Two Sydney men, Khaled Mahmoud Khayat, 49, and Mahmoud Khayat, 32, appeared in court Friday charged with two counts of acting in preparation for, or planning, a terrorist act. They will reappear in November. A third man, who is related to them, remains in detention but has yet to be charged.

Police said the explosive used to build the bomb had been supplied by an ISIS terrorist in Syria, and sent to Australia via air cargo from Turkey.

Etihad flies directly from Sydney to Abu Dhabi and to Dubai on Saturdays, using Boeing 777-300s and Airbus A380-800s, two of the world’s largest passenger aircraft.

Phelan said police were confident they had secured all the components of the IED during the searches. “At no stage did the IED breach airline security.”

Airstrike kills

Meanwhile, the U.S.-led anti-ISIS military coalition announced Thursday that over recent weeks airstrikes in Syria have killed several ISIS leaders involved in planning terrorist attacks around the world.

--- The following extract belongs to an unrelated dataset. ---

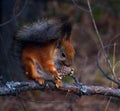 Squirrel eats pine cone on a tree in autumn forest Royalty Free Stock Photo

Among them were Abd al-Ghafur and his assistant, Abu Hammam, killed in airstrikes in Syria on July 24 and July 16 respectively.

“Abd Al-Ghafur and Abu Hammam were responsible for managing and directing external operations attacks and participated in attack plotting against the Middle East and Western targets,” Combined Joint Taskforce–Operation Inherent Resolve (CJTFOIR) said in a statement.

“Their removal deprives ISIS of well-connected members with links to trans-regional terror support networks.”

A July 13 airstrike killed ISIS bombmaker Abu Futtum, who CJTFOIR said was “part of ISIS' network that instructs and incites others to take the same destructive actions, encouraging lone wolf attacks across the globe using homemade explosives.”

A June 7 airstrike killed Lavdrim Muhaxheri, an ISIS terrorist from Albania who was responsible for planning numerous terrorist attacks, including a failed plot to bomb a soccer match between Albania and Israel last November.

An associate of Muhaxheri, named at Jetmir Ismaili, was killed in a late June airstrike.

“Ismaili had key connections with ISIS external terror attack planners in Europe and Syria, and personally planned and coordinated external ISIS terror attacks,” the coalition said.